The goal of ezASCAT
is to make life simpler while using ASCAT with tumor-normal pairs from WGS.
Although there exists ascatNgs, it requires installation of perl and C modules. ezASCAT
bypasses these requirements entirely within R with the C code baked in.
remotes::install_github(repo = "CompEpigen/ezASCAT")
Below command will generate two tsv files tumor_nucleotide_counts.tsv
and normal_nucleotide_counts.tsv
that can be used for downstream analysis. Note that the function will process ~900K SNPs from Affymetrix Genome-Wide Human SNP 6.0 Array. The process can be sped up by increasing nthreads
which will launch each chromosome on a separate thread.
Currently hg19
and hg38
are supported.
library("ezASCAT")
#Matched normal BAM files are strongly recommended
counts = ezASCAT::get_counts(t_bam = "tumor.bam", n_bam = "normal.bam", build = "hg19")
Below command will filter SNPs with low coverage (default <30), estimate BAF, logR, and generates the input files for ASCAT.
In addition, it will run ASCAT::ascat.loadData()
and ASCAT::ascat.plotRawData()
for you and returns the ASCAT object that can be further processed with ASCAT functions.

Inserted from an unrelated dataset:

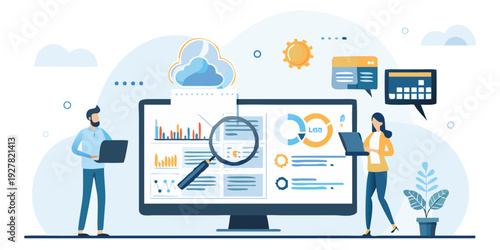 Data analysis and cloud computing illustration with people and devices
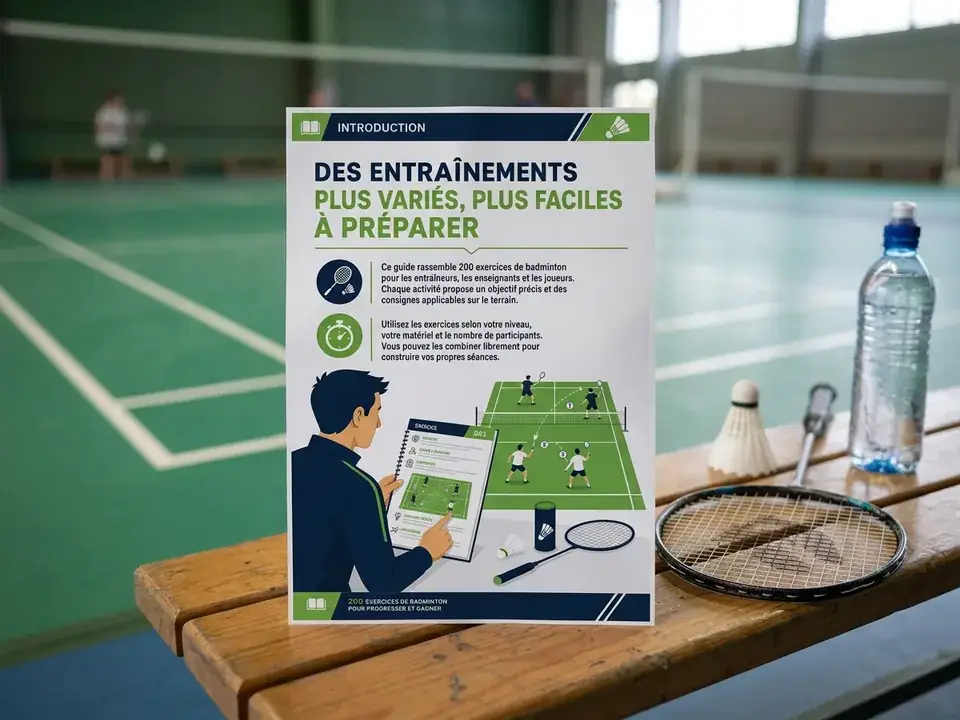 Page d'introduction du guide de badminton posée sur un banc avec raquette et volants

ascat.bc = prep_ascat(t_counts = "tumor_nucleotide_counts.tsv", n_counts = "normal_nucleotide_counts.tsv", sample_name = "tumor")
# Markers: 901235
# Removed 3072 duplicated loci
# Markers > 30: 25246
# ------
# Counts file: normal_nucleotide_counts.tsv
# Markers: 901235
# Removed 3072 duplicated loci
# Markers > 30: 31387
# ------
# Final number SNPs: 23765
# Generated following files:
# tumor.tumour.BAF.txt
# tumor.tumour.logR.txt
# tumor.normal.BAF.txt
# tumor.normal.logR.txt
# ------
# Running ASCAT::ascat.loadData:
# [1] Reading Tumor LogR data...
# [1] Reading Tumor BAF data...
# [1] Reading Germline LogR data...
# [1] Reading Germline BAF data...
# [1] Registering SNP locations...
# [1] Splitting genome in distinct chunks...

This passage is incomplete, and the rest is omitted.